**RECORDS:**

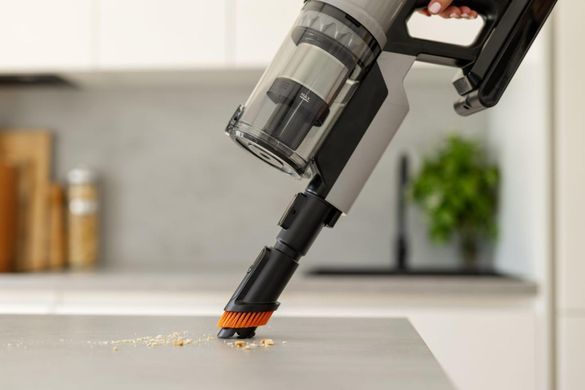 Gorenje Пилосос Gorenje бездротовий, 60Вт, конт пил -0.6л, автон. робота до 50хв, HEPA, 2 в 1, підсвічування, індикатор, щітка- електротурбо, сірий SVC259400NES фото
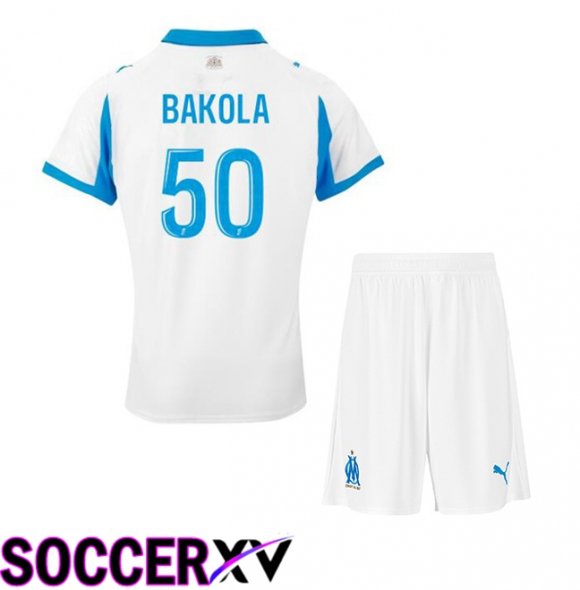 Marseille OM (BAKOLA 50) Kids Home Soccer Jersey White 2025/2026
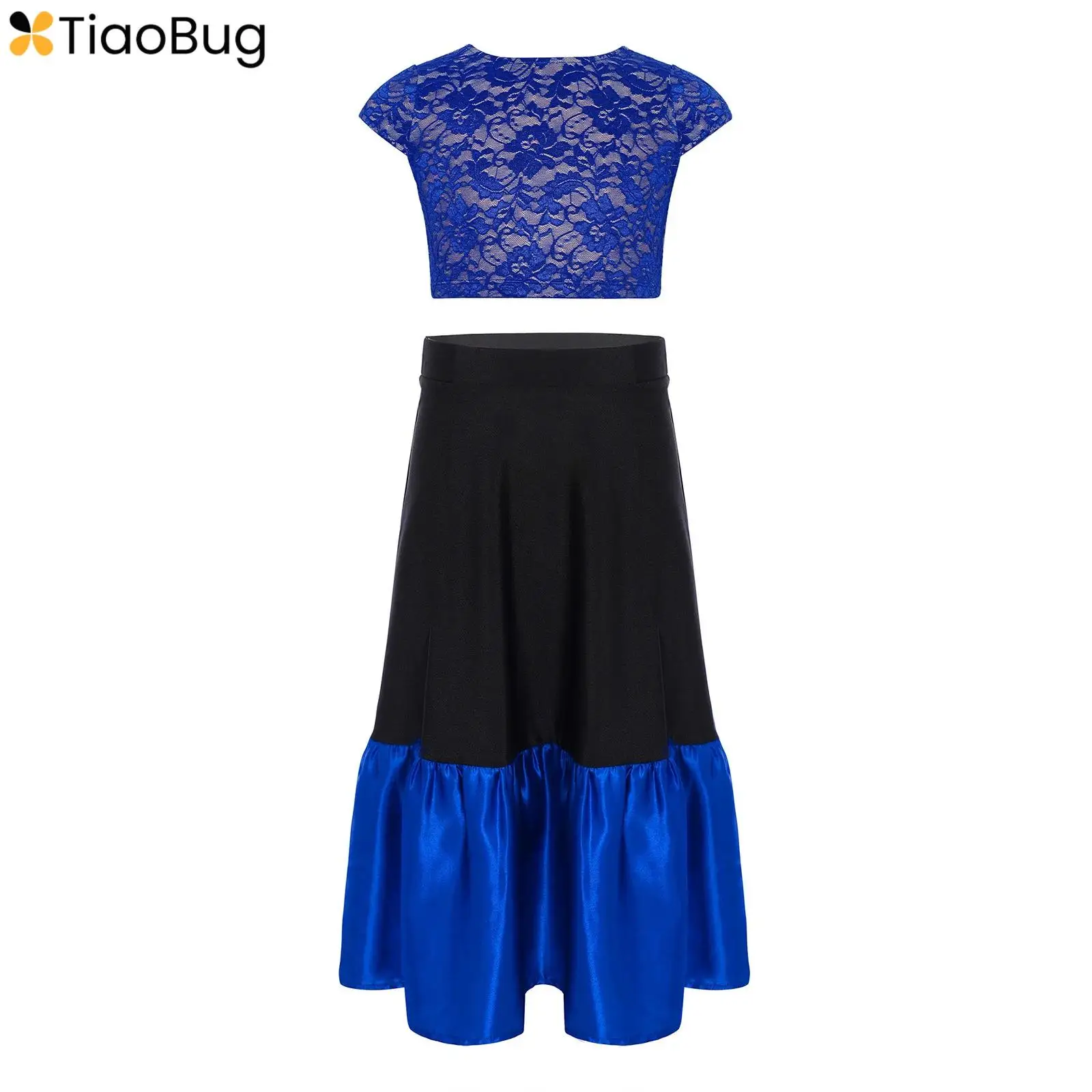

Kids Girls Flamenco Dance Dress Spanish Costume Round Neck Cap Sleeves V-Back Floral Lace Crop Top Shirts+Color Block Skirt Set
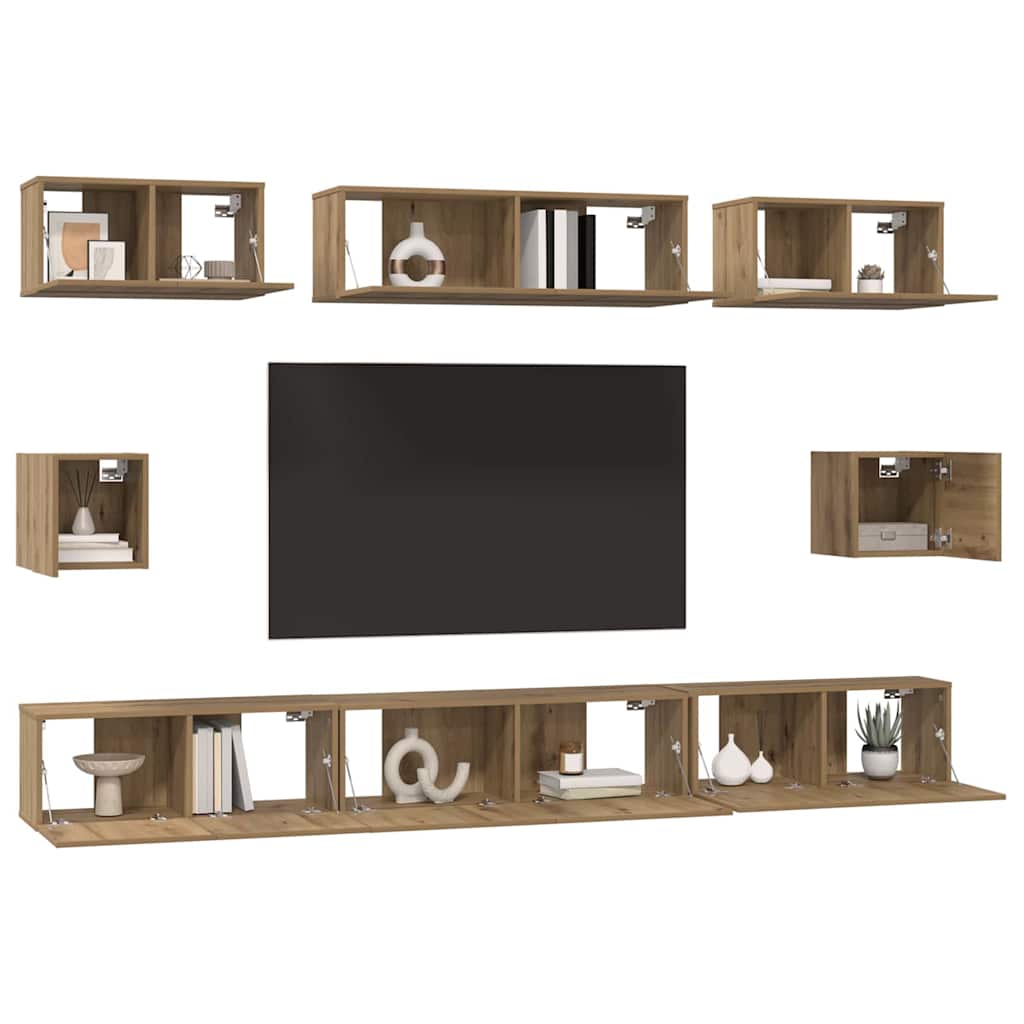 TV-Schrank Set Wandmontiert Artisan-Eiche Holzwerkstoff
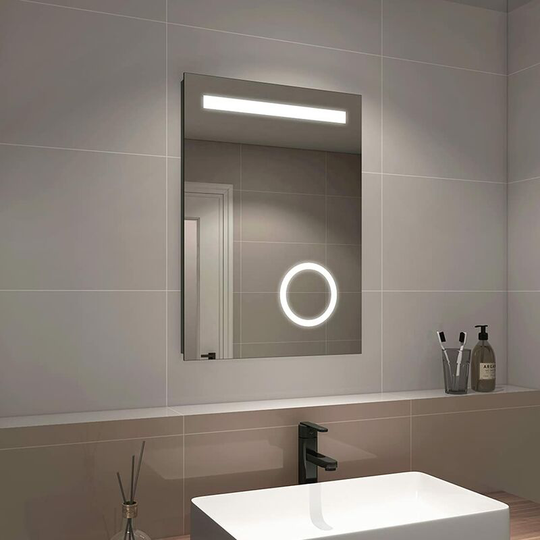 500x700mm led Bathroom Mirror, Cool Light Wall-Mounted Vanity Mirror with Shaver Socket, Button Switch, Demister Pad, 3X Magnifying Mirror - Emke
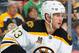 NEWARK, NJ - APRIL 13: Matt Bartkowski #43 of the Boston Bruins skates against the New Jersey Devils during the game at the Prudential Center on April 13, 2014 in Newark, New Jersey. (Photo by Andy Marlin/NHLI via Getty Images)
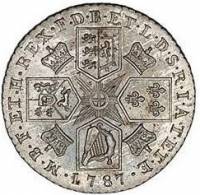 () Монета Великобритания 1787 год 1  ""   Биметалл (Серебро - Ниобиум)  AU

**EXERCISE AIM:**
Output the whole listing again, exactly, without its pictures.

**TASK SOLUTION:**
 Gorenje Пилосос Gorenje бездротовий, 60Вт, конт пил -0.6л, автон. робота до 50хв, HEPA, 2 в 1, підсвічування, індикатор, щітка- електротурбо, сірий SVC259400NES фото
 Marseille OM (BAKOLA 50) Kids Home Soccer Jersey White 2025/2026

Kids Girls Flamenco Dance Dress Spanish Costume Round Neck Cap Sleeves V-Back Floral Lace Crop Top Shirts+Color Block Skirt Set
 TV-Schrank Set Wandmontiert Artisan-Eiche Holzwerkstoff
 500x700mm led Bathroom Mirror, Cool Light Wall-Mounted Vanity Mirror with Shaver Socket, Button Switch, Demister Pad, 3X Magnifying Mirror - Emke
 NEWARK, NJ - APRIL 13: Matt Bartkowski #43 of the Boston Bruins skates against the New Jersey Devils during the game at the Prudential Center on April 13, 2014 in Newark, New Jersey. (Photo by Andy Marlin/NHLI via Getty Images)
 () Монета Великобритания 1787 год 1  ""   Биметалл (Серебро - Ниобиум)  AU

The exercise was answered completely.